The `langgraph_server` directory contains the essential components for converting LangGraph graphs into deployable FastAPI applications:

- `langgraph_agent.py`: This file defines the `LangGraphAgent` class, which wraps a LangGraph `StateGraph` and provides methods for interacting with it (e.g., getting graph structure, managing state, streaming execution). It acts as an adapter between LangGraph's logic and the server.
- `fastapi_app.py`: This file contains the `build_agent_router` function, which takes a `LangGraphAgent` and a FastAPI `APIRouter` and sets up the API endpoints for interacting with the agent.
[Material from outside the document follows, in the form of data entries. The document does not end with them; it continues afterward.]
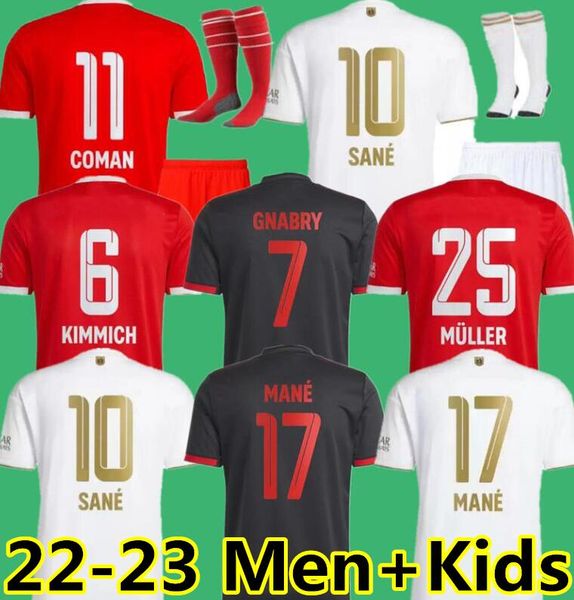 lewandowski soccer jerseys 22 23 gravenberch sane bayern de ligt muller davies kimmich football shirts munich men kids kit coman 2022 2023 u, Black;yellow
lewandowski soccer jerseys 22 23 gravenberch sane bayern de ligt muller davies kimmich football shirts munich men kids kit coman 2022 2023 u, Black;yellow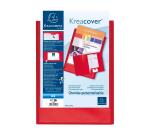 Chemise de présentation polypropylène souple Krea Cover - A4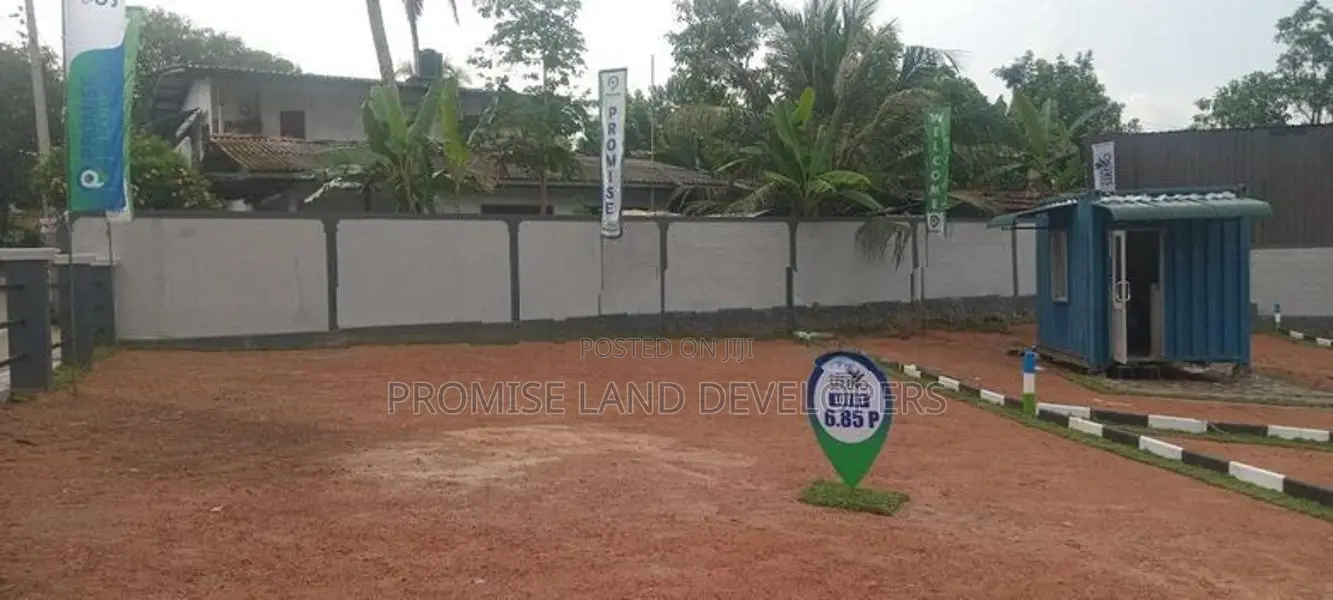 Prime Land Plots in Panadura Walana C33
It handles request processing, serialization, and streaming responses using FastAPI.
- `schemas.py`: Defines the Pydantic models used for request and response data, ensuring data validation and type safety in the API.
- `checkpoint_saver.py`: Provides functions for loading, setting up, and cleaning up different checkpointing backends, allowing the server to manage conversation state persistence.

## Interactive Jupyter Notebooks 📓

Some development notebooks are provided to interactively test both the local implementation of the agents and deployed agents.

- [notebooks/langgraph-agent.ipynb](./notebooks/langgraph-agent.ipynb): Build and compile a simple LangGraph graph, wrap it in a `LangGraphAgent` running locally within the notebook, display the graph visualization, and run some simple tests.
- [notebooks/langgraph-remote-agent.ipynb](./notebooks/langgraph-remote-agent.ipynb): Query a remote instance of the "Gemini Chat" example agent server (either at localhost or a deployed endpoint). Display a visualization of the remote graph and run some simple tests.